WORK INSTRUCTION: From the line containing "دوچرخه تنه بلند" down to the line containing "Annas Hummingbird par" in the records below, reproduce every line exactly, ends included, and omit all others.

DATA IN THIS EXERCISE:
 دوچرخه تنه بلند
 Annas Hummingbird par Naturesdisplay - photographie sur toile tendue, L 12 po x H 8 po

* * *

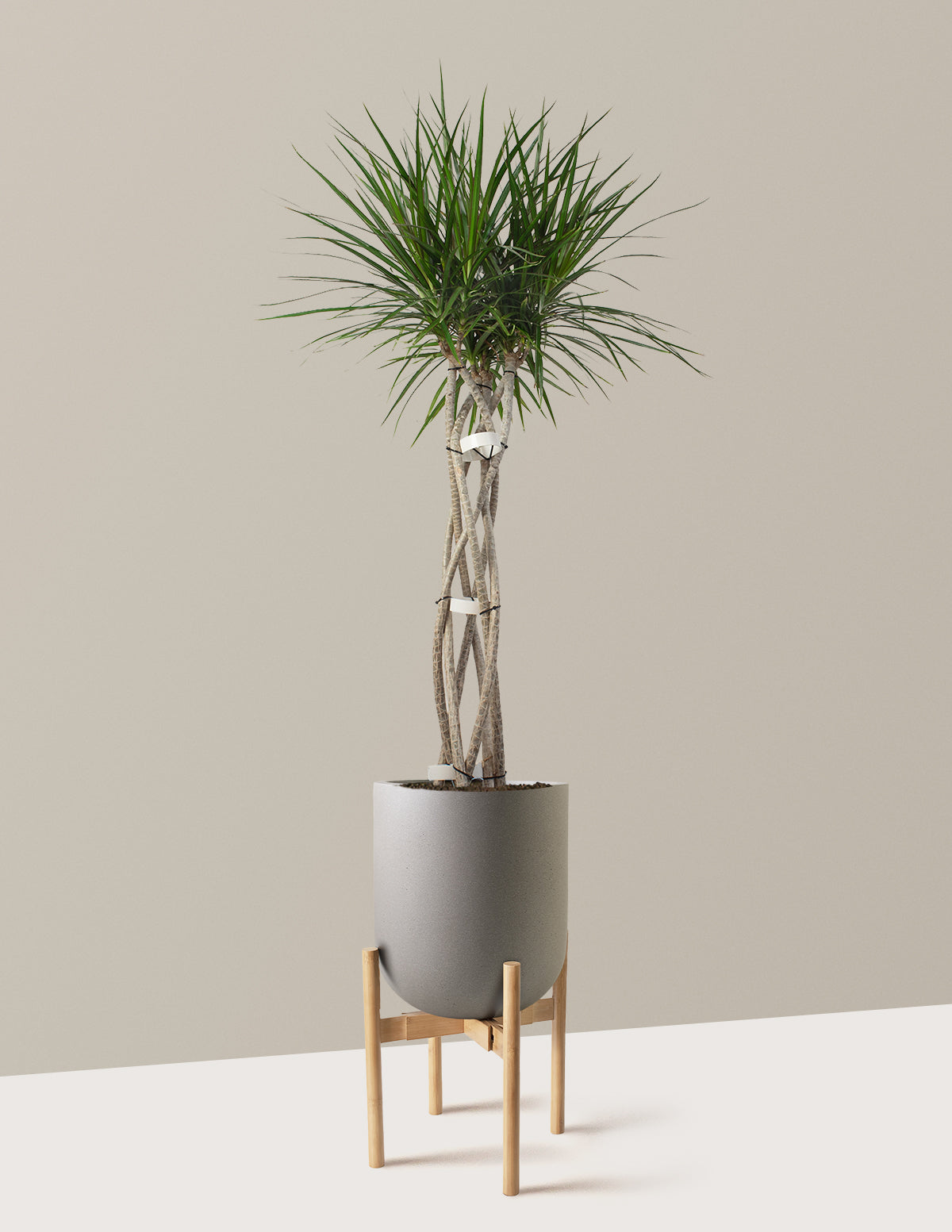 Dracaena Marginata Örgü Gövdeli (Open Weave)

---

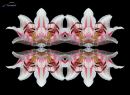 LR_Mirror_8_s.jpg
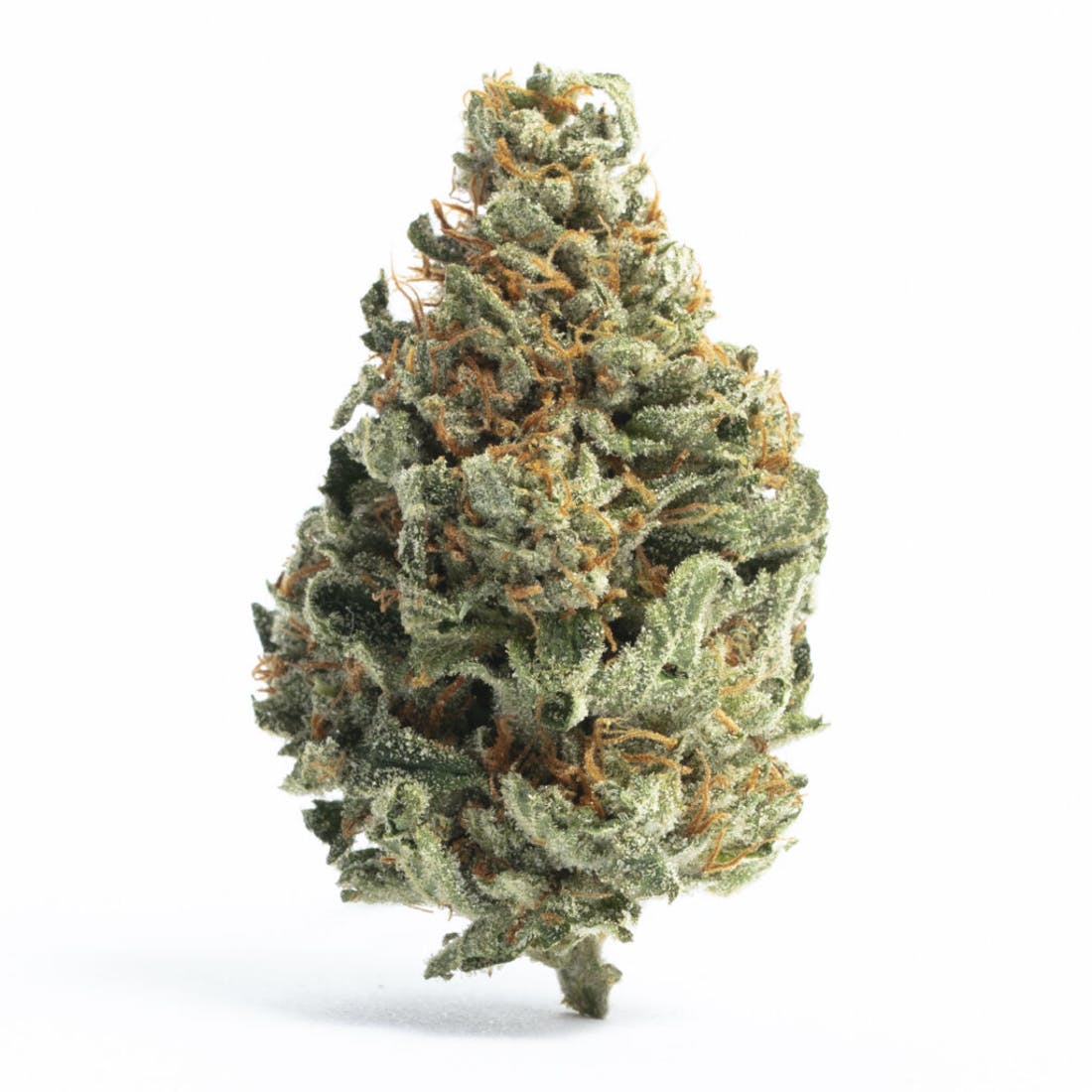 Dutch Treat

YOUR SOLUTION:
 دوچرخه تنه بلند
 Annas Hummingbird par Naturesdisplay - photographie sur toile tendue, L 12 po x H 8 po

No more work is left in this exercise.